Archaeologists search for the true face—and the burial place—of Cleopatra,  the “world’s first celebrity.”
Editor’s note: First appearing in National Geographic in 2011, writer Chip Brown follows the trail of a two millennium old ghost: Cleopatra, the final Pharoah of Egypt.   He details the trials of a young Dominican Republic lawyer/archeologist, who spent much of her prime searching for the ancient queen in a mysterious area near Alexandra called Taposiris Magna.

GUEST BLOG / By Chip Brown, writer, National Geographic magazine--
Where, oh where is Cleopatra? She's everywhere, of course—her name immortalized by slot machines, board games, dry cleaners, exotic dancers, and even a Mediterranean pollution-monitoring project. She is orbiting the sun as the asteroid 216 Kleopatra. Her "bath rituals and decadent lifestyle" are credited with inspiring a perfume. Today the woman who ruled as the last pharaoh of Egypt and who is alleged to have tested toxic potions on prisoners is instead poisoning her subjects as the most popular brand of cigarettes in the Middle East.

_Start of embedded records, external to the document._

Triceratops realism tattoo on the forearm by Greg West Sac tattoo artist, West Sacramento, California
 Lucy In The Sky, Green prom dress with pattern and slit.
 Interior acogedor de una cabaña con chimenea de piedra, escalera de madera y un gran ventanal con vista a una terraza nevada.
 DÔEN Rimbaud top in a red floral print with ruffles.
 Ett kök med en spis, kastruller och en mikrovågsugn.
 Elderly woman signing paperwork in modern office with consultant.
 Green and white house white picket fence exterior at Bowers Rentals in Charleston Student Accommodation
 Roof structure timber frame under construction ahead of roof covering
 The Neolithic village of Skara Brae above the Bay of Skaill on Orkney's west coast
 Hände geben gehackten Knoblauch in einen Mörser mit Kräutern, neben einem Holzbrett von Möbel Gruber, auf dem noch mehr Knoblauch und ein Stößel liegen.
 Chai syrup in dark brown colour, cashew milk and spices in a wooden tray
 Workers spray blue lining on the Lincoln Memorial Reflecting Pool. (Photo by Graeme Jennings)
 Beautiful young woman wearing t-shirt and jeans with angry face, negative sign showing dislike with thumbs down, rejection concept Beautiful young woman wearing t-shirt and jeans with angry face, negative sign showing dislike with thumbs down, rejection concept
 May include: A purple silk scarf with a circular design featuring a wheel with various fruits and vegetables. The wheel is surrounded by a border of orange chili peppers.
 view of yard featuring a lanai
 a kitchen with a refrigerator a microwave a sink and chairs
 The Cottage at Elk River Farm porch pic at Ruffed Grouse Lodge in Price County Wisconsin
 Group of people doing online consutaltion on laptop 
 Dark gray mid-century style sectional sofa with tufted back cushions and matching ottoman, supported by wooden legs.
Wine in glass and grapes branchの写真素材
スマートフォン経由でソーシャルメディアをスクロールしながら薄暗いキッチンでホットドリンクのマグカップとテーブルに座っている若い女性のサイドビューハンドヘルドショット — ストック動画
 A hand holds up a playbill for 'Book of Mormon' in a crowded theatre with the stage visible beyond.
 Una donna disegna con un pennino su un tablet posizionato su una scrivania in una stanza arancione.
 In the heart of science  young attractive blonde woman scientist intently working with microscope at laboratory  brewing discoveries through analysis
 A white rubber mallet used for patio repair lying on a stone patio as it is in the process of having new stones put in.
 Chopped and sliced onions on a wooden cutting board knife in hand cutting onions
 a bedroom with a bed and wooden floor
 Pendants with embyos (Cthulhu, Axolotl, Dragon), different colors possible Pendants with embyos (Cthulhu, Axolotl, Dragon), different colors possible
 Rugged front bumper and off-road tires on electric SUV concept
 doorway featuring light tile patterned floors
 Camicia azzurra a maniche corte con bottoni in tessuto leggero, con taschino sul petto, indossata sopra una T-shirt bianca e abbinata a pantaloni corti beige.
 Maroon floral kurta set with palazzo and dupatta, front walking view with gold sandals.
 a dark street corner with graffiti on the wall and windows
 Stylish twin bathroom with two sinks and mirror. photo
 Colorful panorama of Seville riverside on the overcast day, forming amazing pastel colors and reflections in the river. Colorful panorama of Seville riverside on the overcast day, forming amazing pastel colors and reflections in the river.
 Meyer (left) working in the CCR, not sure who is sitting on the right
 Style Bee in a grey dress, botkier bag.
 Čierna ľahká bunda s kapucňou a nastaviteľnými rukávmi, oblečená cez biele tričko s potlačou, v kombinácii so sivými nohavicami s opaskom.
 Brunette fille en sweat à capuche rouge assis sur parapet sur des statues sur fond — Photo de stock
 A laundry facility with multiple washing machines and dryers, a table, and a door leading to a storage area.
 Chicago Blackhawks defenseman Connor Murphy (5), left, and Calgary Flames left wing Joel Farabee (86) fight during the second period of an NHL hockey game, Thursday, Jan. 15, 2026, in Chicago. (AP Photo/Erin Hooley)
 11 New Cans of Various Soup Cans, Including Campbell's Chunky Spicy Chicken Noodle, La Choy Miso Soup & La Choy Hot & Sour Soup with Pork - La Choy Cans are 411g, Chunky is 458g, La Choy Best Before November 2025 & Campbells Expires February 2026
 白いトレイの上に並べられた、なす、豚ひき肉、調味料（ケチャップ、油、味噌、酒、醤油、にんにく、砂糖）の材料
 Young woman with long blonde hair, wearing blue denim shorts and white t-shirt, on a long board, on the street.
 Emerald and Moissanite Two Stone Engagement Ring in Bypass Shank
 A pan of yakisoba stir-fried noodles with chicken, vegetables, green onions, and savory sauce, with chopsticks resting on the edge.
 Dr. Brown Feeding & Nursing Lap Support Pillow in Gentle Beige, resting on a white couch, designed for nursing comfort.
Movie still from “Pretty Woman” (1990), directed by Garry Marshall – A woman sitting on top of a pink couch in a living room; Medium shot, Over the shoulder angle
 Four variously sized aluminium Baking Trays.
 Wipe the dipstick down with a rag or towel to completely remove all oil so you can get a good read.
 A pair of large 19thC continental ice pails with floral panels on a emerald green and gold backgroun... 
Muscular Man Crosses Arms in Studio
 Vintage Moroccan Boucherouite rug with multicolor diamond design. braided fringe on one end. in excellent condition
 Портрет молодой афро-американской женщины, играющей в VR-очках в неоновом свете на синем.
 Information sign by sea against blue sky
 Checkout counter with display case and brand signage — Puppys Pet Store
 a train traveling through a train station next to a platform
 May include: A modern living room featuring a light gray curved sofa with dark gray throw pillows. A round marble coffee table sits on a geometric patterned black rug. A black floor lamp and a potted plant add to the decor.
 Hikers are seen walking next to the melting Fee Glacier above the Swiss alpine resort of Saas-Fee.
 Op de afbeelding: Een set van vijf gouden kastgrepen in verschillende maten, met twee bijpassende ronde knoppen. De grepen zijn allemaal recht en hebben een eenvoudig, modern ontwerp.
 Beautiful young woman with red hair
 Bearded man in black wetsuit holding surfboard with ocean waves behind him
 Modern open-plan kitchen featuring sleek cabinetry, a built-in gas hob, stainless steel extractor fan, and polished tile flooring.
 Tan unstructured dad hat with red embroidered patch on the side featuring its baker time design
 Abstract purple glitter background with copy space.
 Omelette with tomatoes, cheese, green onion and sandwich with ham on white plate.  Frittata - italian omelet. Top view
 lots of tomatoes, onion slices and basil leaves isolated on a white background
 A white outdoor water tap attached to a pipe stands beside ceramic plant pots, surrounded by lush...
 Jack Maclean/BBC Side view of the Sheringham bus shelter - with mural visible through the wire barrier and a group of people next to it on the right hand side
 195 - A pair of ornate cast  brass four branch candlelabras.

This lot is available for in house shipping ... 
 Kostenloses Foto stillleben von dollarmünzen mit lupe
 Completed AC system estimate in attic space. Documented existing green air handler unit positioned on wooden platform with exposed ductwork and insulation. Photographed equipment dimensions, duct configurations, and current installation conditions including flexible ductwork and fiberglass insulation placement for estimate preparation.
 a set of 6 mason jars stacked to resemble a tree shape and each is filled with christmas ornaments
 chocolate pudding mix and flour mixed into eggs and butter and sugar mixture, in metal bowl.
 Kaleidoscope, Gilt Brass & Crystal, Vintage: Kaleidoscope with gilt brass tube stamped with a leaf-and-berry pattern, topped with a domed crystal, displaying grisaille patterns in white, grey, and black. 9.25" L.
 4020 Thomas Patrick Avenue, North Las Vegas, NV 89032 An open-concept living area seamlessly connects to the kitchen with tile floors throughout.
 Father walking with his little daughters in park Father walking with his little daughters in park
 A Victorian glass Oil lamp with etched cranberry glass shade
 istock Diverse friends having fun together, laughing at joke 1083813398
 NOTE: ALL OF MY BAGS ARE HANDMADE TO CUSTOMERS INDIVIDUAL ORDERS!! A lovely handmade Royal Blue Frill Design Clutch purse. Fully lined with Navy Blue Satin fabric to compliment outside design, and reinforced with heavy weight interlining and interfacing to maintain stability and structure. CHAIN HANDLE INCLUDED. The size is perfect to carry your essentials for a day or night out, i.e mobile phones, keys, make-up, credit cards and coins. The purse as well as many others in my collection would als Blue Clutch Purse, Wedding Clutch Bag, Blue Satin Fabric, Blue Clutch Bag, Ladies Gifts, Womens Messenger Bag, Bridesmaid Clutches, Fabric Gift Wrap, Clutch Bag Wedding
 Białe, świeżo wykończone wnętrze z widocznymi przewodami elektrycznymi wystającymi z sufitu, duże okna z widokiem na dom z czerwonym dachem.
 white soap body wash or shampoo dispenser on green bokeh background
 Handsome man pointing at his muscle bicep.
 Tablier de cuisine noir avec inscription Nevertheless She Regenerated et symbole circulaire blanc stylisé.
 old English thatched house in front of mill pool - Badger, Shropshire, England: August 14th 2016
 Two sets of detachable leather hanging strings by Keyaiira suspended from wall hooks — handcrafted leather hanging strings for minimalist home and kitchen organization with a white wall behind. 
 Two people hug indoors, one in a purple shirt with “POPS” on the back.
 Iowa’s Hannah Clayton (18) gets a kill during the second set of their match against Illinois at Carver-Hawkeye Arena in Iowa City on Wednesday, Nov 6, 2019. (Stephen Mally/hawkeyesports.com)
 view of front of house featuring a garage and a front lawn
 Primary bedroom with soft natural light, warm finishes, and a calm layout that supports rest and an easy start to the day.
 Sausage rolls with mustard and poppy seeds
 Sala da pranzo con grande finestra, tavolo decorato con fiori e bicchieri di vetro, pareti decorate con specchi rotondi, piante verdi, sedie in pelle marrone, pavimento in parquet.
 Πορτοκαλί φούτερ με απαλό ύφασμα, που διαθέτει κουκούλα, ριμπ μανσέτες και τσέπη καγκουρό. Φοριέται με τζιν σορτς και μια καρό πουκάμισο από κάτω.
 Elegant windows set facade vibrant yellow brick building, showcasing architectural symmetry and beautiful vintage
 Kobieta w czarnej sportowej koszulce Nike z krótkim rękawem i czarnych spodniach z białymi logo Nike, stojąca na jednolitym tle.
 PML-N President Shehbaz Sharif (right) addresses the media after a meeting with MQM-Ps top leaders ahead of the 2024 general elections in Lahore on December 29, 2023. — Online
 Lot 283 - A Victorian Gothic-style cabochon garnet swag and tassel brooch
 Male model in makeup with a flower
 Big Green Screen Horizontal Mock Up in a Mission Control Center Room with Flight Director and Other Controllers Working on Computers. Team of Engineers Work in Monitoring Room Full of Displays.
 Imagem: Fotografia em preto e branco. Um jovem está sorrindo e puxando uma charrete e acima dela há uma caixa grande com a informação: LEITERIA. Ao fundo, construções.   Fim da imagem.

In the memorable phrase of critic Harold Bloom, she was the "world's first celebrity." If history is a stage,no actress was ever so versatile: royal daughter, royal mother, royal sister from a family that makes the Sopranos look like the Waltons. When not serving as a Rorschach test of male fixations, Cleopatra is an inexhaustible muse. To a recent best-selling biography add—from 1540 to 1905—five ballets, 45 operas, and 77 plays. She starred in at least seven films; an upcoming version are no doubt in the works.

Yet if she is everywhere, Cleopatra is also nowhere, obscured in what biographer Michael Grant called the "fog of fiction and vituperation which has surrounded her personality from her own lifetime onwards." Despite her reputed powers of seduction, there is no reliable depiction of her face. What images do exist are based on unflattering silhouettes on coins. There is an unrevealing 20-foot-tall relief on a temple at Dendera, and museums display a few marble busts, most of which may not even be of Cleopatra.